If this sounds like a lot, that’s because it is. As fitting as the slight claustrophobia of Attia’s labyrinth may be, it also adds to the somewhat muddled nature of the show: it’s hard to build a coherent narrative from all of these disparate pieces, and the exhibition’s title, Show Your Injuries, doesn’t exactly help in tying it all together. The fact that the work is unequal never detracts from the strength of Attia’s interest in the marginalised, and the implications – cultural, socioeconomic – of colonialism. The result goes beyond identity politics and personal injury, and speaks to broader structures of exploitation and to the traumatic circulation of people and culture.

At the gallery’s second New York location, on the Lower East Side, one finds Asesinos! Asesinos! (2014), an installation of over 100 doors, each cut in the middle and then positioned in an A-shape, with megaphones attached on top. Large and inaccessible, the installation looks like a mass of people in a demonstration, silent despite the amplifying devices.
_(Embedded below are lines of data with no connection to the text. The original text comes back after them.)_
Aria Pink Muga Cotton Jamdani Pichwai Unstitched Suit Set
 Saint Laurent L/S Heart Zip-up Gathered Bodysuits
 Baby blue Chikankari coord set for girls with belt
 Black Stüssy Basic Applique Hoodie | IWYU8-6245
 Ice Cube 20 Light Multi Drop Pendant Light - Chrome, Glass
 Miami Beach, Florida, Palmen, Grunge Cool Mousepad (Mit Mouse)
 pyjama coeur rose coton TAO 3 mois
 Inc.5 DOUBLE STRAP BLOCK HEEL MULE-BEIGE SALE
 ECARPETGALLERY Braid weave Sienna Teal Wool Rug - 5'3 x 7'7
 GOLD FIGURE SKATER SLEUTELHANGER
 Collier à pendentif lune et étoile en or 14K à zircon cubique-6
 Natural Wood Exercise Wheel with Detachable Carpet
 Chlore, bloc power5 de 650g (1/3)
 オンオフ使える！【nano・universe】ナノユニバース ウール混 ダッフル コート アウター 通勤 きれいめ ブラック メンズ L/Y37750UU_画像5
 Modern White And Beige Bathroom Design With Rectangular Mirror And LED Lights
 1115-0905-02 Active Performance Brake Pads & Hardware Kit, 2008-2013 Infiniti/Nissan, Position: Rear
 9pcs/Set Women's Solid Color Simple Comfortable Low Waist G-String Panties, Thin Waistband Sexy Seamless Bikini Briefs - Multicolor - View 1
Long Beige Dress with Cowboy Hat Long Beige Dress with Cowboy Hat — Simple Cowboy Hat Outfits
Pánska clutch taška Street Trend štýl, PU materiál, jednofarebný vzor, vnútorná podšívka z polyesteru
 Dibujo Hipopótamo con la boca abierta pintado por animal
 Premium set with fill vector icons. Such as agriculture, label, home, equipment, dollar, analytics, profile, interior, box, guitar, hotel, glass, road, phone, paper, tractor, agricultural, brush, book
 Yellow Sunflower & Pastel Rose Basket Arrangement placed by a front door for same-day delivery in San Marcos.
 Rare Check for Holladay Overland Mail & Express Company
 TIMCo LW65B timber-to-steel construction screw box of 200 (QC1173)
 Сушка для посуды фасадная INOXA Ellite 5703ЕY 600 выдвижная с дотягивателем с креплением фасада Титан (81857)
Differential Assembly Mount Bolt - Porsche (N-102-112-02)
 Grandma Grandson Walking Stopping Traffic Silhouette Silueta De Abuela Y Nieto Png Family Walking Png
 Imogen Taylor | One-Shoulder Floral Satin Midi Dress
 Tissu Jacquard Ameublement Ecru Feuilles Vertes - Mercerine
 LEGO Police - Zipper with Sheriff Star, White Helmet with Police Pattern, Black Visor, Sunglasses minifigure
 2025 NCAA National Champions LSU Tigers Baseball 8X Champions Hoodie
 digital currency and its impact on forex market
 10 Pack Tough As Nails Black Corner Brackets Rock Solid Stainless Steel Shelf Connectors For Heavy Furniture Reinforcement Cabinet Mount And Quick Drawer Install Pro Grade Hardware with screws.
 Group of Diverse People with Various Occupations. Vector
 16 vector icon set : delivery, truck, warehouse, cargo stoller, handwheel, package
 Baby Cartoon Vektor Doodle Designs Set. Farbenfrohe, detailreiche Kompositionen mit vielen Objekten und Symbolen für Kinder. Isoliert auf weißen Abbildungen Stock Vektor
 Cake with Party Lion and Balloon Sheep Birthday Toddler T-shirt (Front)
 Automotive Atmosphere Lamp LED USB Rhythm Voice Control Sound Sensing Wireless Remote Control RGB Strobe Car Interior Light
In scale and approach, it’s reminiscent of Attia’s impressive Kasbah (2009), where the gallery’s floors are overtaken by the kind of corrugated sheeting used for roofing buildings in poor urban centres – a direct reference to Algerian citadels in this case – complete with discarded tyres and makeshift antennas. Visitors are invited to walk on the sheeting, their inevitable instability bringing to mind the tenuous state of citizens in conflict zones. In Asesinos!…, the silence should function the way the rickety steps do in Kasbah, but instead it leaves one hoping for the sound, the demands, the shouts of a rally. The difference between the works is not in participation: it’s in the strength of the statement. When he is forceful – as in the Chelsea exhibition – Attia is incredibly convincing.